### Exercise description
The answer must be an exact copy of the lines from the one with "3d cinza vitoriano" through the final line below, with no pictures and nothing else.

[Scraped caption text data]
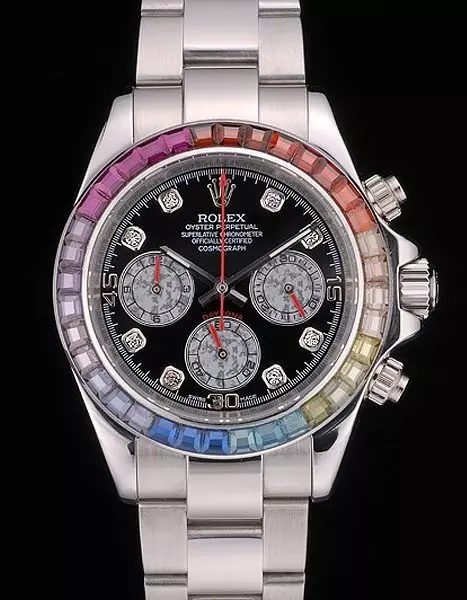Swiss Rolex Daytona Cosmograph Rainbow Crystals Bezel Stainless Steep Strap Black Dial Perfect Watch Rolex3774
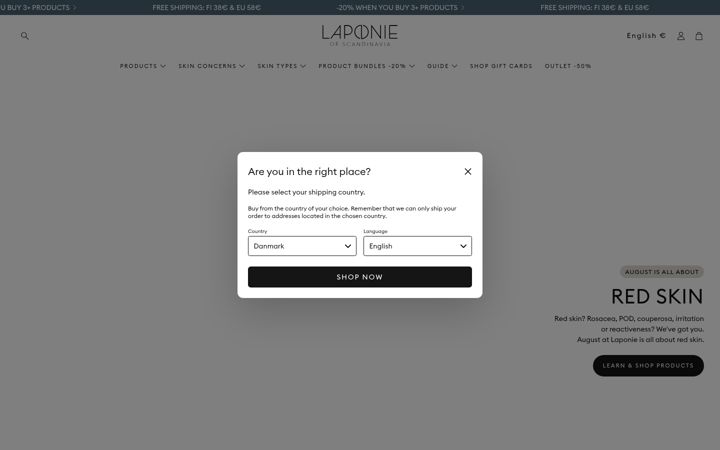 Screenshot of laponieskincare.com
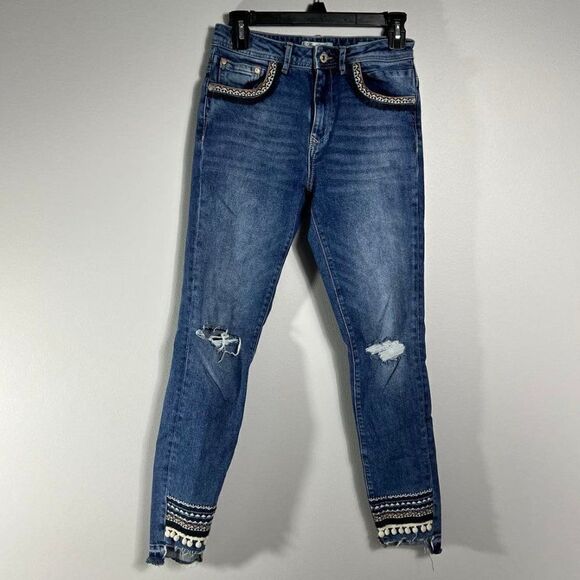 Mavi Tess Distressed Embroidered High-Rise Skinny Jeans Size 27 - Picture 3 of 10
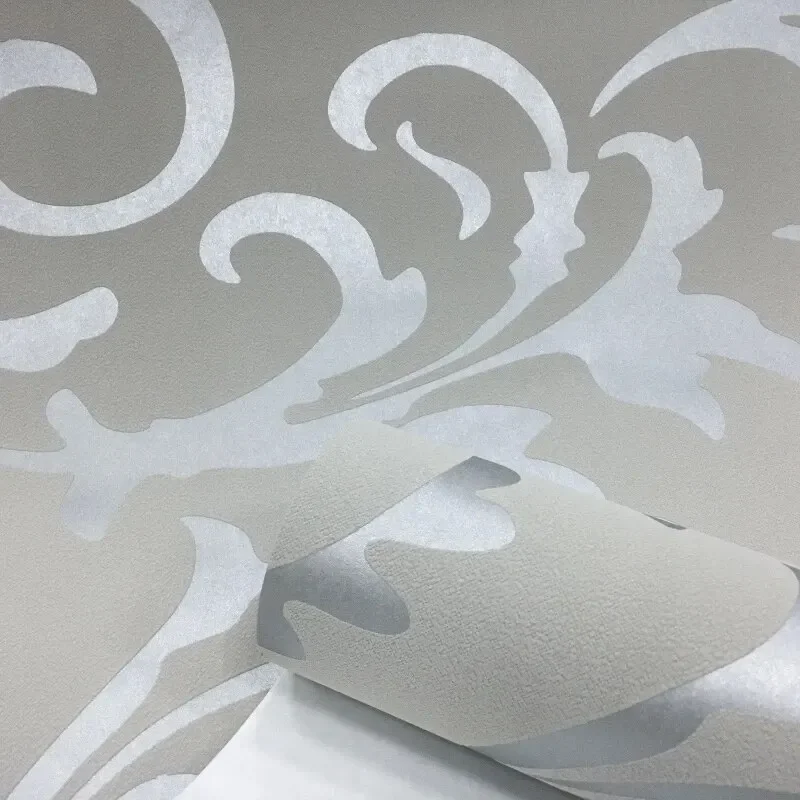 3d cinza vitoriano damasco em relevo papel de parede rolo decoração para casa sala estar quarto revestimentos prata floral luxo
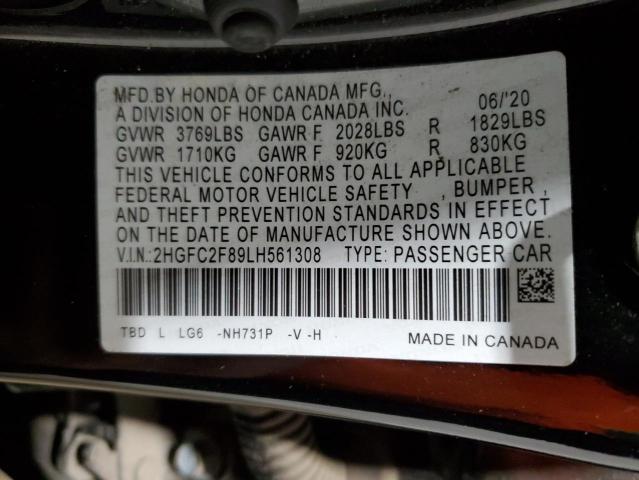 2HGFC2F89LH561308 - 2020 HONDA CIVIC SPORT 黑色 照片 12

### Final answer
 3d cinza vitoriano damasco em relevo papel de parede rolo decoração para casa sala estar quarto revestimentos prata floral luxo
 2HGFC2F89LH561308 - 2020 HONDA CIVIC SPORT 黑色 照片 12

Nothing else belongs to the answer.